No GILTI tax increase. This was the big corporation tax bill of the session. AB 71 would have conformed California law to the federal tax provisions to tax Global Intangible Low-Taxed Income (GILTI) and required certain taxpayers to include a portion of GILTI and/or a portion of repatriated income. The funds would be used to finance the Bring California Home Fund to focus on preventing and ending homelessness in California. According to the author’s office, “corporations are taking advantage of a tax loophole to evade taxes by claiming they make most of their profits overseas in low or no-tax countries.” The bill was active and moving through the committees in the earlier days of the session. However, on June 3, the bill was sent to the Assembly inactive file and was never revived.

Other notable tax developments in the session were:
SALT cap workaround enacted. AB 150, which the Governor signed into law on July 16, allows for a workaround of the $10,000 SALT deduction cap in the TCJA. For tax years beginning on or after January 1, 2021, and ending before January 1, 2026, the bill allows some pass-through entities taxed as S corporations and partnerships that do business in California to elect to pay a 9.3% entity-level tax on income that California would normally tax as personal income when passed through to the owners. The owners must consist solely of individuals, fiduciaries, trusts, estates or entities taxable as corporations (i.e., cannot have owners that are partnerships). The entity cannot be publicly traded and cannot be part of a combined reporting group for corporate tax purposes. California then provides a corresponding personal income tax credit to qualifying partners, shareholders or members in an amount equal to 9.3% of the taxpayer’s “pro rata share or distributive share” of the pass-through income subject to the entity-level tax. The election is irrevocable and must be made on an annual basis on a timely filed original (not amended) return for the year of the election.  FTB already has issued some guidance on its website on the legislation and will be creating new forms, and expect more guidance to come.  
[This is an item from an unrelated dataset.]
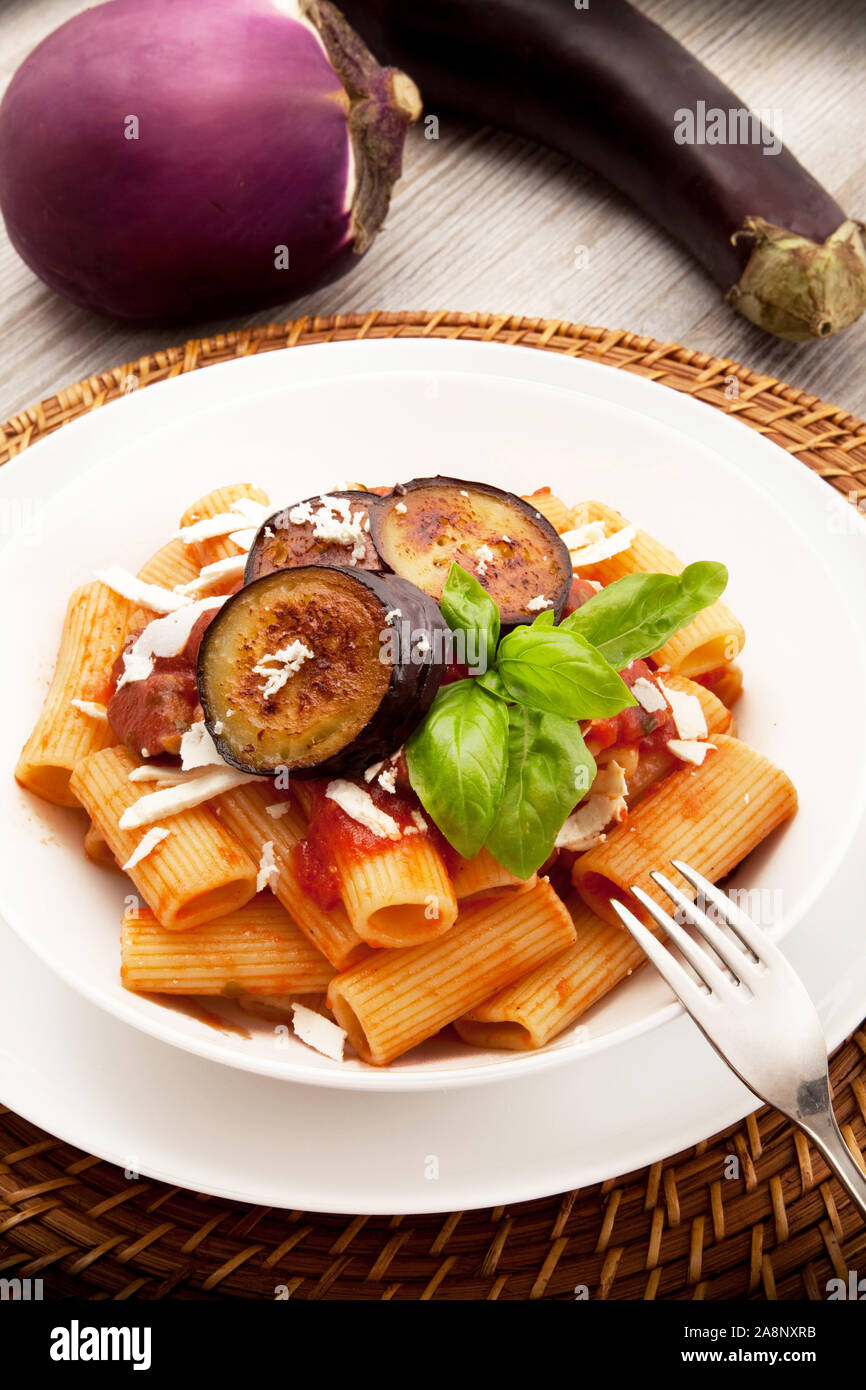 original italian pasta alla Norma Stock Photo Alamy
Proposition 19 property tax implementation. On September 13, the legislature sent to the Governor Senate Bill (SB) 539. The bill requires the California State Board of Equalization to adopt emergency regulations and further implement the constitutional provisions found in Proposition 19, which was passed by the voters at the November 2020 election. Proposition 19 changed the property tax valuation rules for intergenerational property tax transfer and base-year property tax value transfer for property owners who are over age 55, disabled or impacted by a disaster. One of the most important provisions of SB 539 (and Proposition 19) involves the property tax valuation consequences of transferring a “residence” and requires the residence transferred to have been the principal residence of the transferor and to become the principal residence of the transferee within one year of the transfer. The governor is expected to sign the bill.

As an aside, on August 26, the Howard Jarvis Taxpayers Association filed a ballot initiative, called the “Repeal the Death Tax Act,” which (if passed by the voters) would repeal Proposition 19. The initiative would restore and increase to $2.4 million the (previous $1 million) exclusion from property tax reassessment for non-primary residence property passed on to children and grandchildren, indexed to inflation going forward. It also would restore the unlimited exclusion from reassessment for an inherited primary residence. If the required signatures (about 1.5 million) are collected, the initiative would appear on the November 2022 ballot. 
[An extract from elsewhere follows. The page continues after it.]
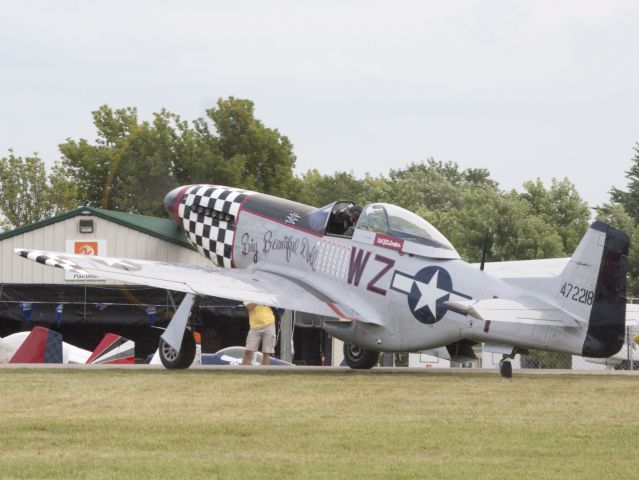 North American P-51 Mustang (P51) - Big Beautiful Doll. I was not able to identify the tail number. Oshkosh 2013!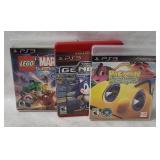 3 Ps3 Games - Sonic Collection, Lego Marvel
Proposed new collection obligations on marketplace facilitators. On September 9, the legislature sent to the governor AB 1402. The bill expands Wayfair tax collection obligations under existing California law for  “marketplace facilitators,” as defined, to also collect and remit state fees on lead-acid batteries, fees on lumber products, sales of new tires and covered eWaste, such as certain video displays. The governor is expected to sign the bill.